Produced in volume and sold to the masses, the graphically bold, polychromatic pictures were the pop art of the era. Because they usually depicted the denizens and the languid diversions of what was known as the "floating world," the prints came to be known as ukiyo-e, floating-world pictures. Writer Asai Ryoi has described their attitude as "living only for the moment, gazing at the moon, the snow, the cherry blossoms and the autumn leaves, singing songs and drinking wine ... caring not a whit for the pauperism staring us in the face, refusing to be disheartened, like a gourd floating along with the river: this is what we call uykiyo."

Though Utamaro also prepared beautifully drawn and carefully observed collections of natural history ("The Insect Book," "The Bird Book"), landscape and daily life, he became the rage for his portraits of women. Tall, willowy creatures draped in luxurious kimonos, they were often languorously fanning themselves or setting combs in their lacquered hair or gliding past rows of cherry blossoms gazing with unperturbed eyes upon the world.

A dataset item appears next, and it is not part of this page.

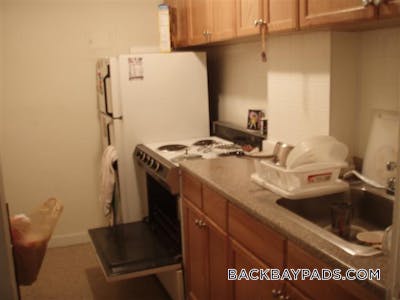 Back Bay 1 Bed Back Bay Boston - $3,100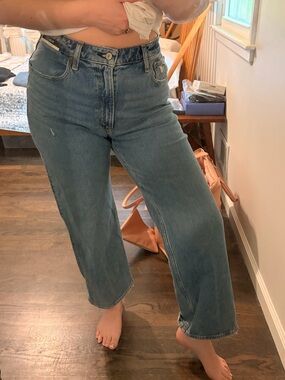 NWT A&F Curve Love 90s Relaxed Jeans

Of course, ukiyo-e was romanticized: There is no hint in these pictures that the Yoshiwara women were basically elegant captives -- sold, abducted or indebted into servitude. Furthermore, the artists set an unreal standard for feminine beauty that endures to this day. How many faces of women in modern Tokyo look like Utamaro prints? How many remain willowy, passive and so identical in their blank, undisturbed gaze? (In Utamaro's "Thee Beauties of the Present Day," the women depicted have different surnames but look like triplets.) The loveliness of Utamaro's women is impersonal, and the heroine of the play, Okita, was not necessarily the love of the real Utamaro's life.

And artistically gifted as he may have been, Utamaro was not as heroic as the play suggests. By 1804, the year of his three-day jail sentence for producing "offensive" prints (the problem was sticky politics, not pornography), his publisher-benefactor was dead and the artist was already at the ebb of his career. Furthermore, the jailing apparently resulted in a flood of orders for his prints -- whether due to sympathy or notoriety -- so some conjecture that it was overwork and general dissolution that led to his death two years later, not disgrace or rejection.

Again, it's the glimpse into the times of Utamaro that so intrigues. Scene 1 shows us a peasant revolt against the shogun. At the time the country was suffering the double bind of repressive and corrupt government on one hand and natural calamities on the other. Volcanoes were erupting; earthquakes toppled towns and cities; famine plagued the land. And yet the art of Utamaro and his fellow artists was all endless leisure, all floating-world dreaminess. In short, his pretty pictures were as escapist as much of popular culture is today.

Utamaro the 18th-century pop artist has become the subject of "Utamaro," the 20th-century pop musical. It's as diverting and as decorative as ukiyo-e was meant to be, and sometimes, let's admit it, that's enough.